Le 24 mai 2011, Benjamin Netanyahu s'exprimant devant le Congrès des Etats-Unis qui l'applaudissait à tout bout de champ, tenait ces propos cyniques : «Les courageux manifestants arabes luttent difficilement à présent pour garantir ces mêmes droits (une presse libre, des tribunaux indépendants, une économie ouverte, des débats parlementaires exubérants) pour leurs peuples, pour leurs sociétés. Nous sommes fiers que plus d'un million de citoyens arabes d'Israël jouissent de ces droits depuis des décennies. Sur les 300 millions d'Arabes au Moyen-Orient et d'Afrique du Nord, seuls les citoyens arabes d'Israël jouissent de véritables droits démocratiques.» Des analystes estiment que la révolution panarabe amorcée en Tunisie en décembre 2010 à la suite de l'immolation du vendeur ambulant Mohamed Bouazizi est inscrite dans la feuille de route du fonds «Endowment for Democracy», l'organisation gouvernementale US lancée en 1982 par le Président Reagan et qui a pour mission de promouvoir la démocratie partout dans le monde(2).
Les méthodes qui ont déjà servi en Serbie, Géorgie, Ukraine, Kirghizistan… sont maintenant bien rodées. Ce sont, nous dit-on, les mêmes techniques qui sont utilisés pour nos soulèvements actuels : dans le cas algérien — pour l'exemple — la police, les responsables passent pour des gens qui vous cherchent des poux dans la tête ; des catégories professionnelles comme les médecins, les étudiants sont poussés à la grève (dans ce contexte précisément, les écoles préparatoires aux grandes écoles ont été les premières à tester la provocation suite à la promulgation de la fameuse loi 10-315). Dans ces manœuvres, on relève parfaitement les combines commandées par le fonds «Endowment for Democraty» : «action (tyrannie et défection de l'autorité) et réaction (demandes légitimes de liberté).

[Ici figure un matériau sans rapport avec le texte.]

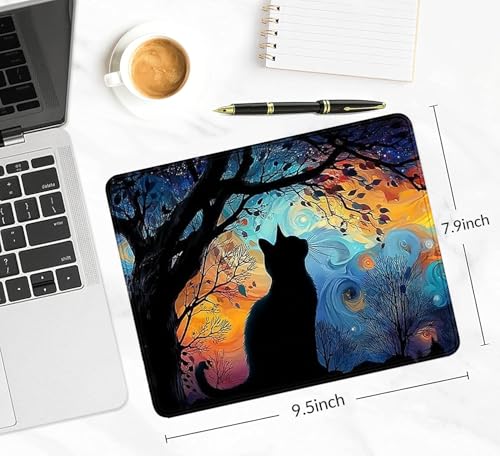 Colorful Galaxy Tree Mouse Pad, Black Cat Gaming Anti Slip Laptop Mouse Pad | High Density Smooth Surface, Anti Slip Rubber Bottom Stable And Not Displaced, Exquisite Lock Edge Wear-Resistant And Durable - color: Black Cat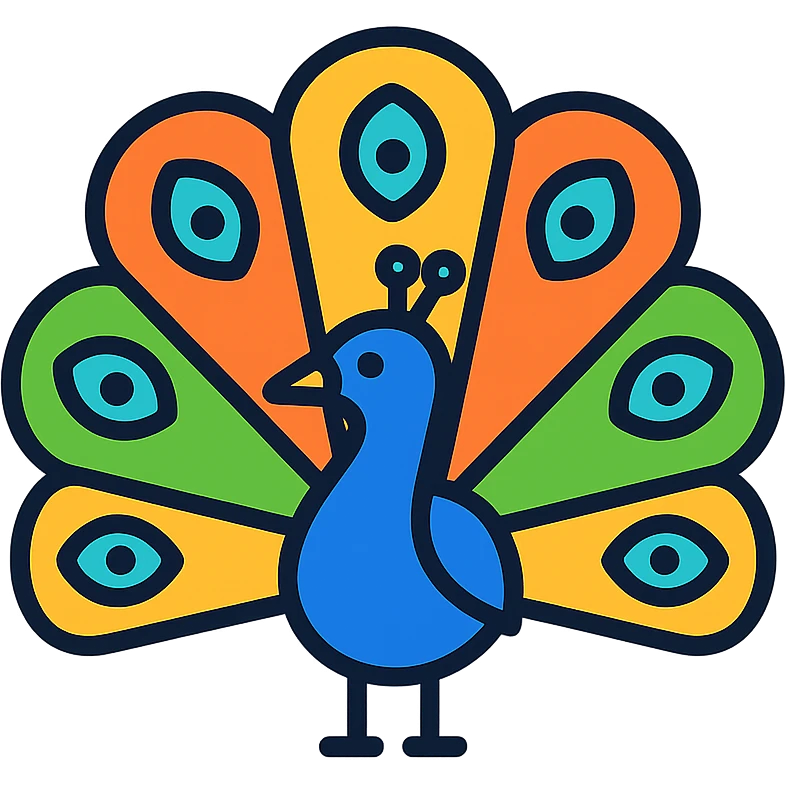 clean and modern peacock color outline icon emoji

Evidemment, de nombreux experts, parmi eux des états-uniens, restent sceptiques sur les dessous de l'histoire et nous exhortent, nous qui sommes intéressés par «l'opération de séduction» à être moins naïfs, à nous questionner si effectivement nous allons obtenir ce qui nous est miroité. Si nous serons gagnants. En d'autres termes, si vraiment nous aurons une presse libre, des tribunaux indépendants, une économie libérale, un parlement d'élus… Depuis le siècle dernier, nous sommes conduits à nous battre pour des causes qui ont indubitablement tout pour être les nôtres, qui sont après tout celles de toutes les sociétés éprises de liberté et qui cherchent à s'émanciper… mais qui s'avèrent en fin de compte de violentes rivalités entre puissances étrangères, où notre action se trouve brisée en plein élan.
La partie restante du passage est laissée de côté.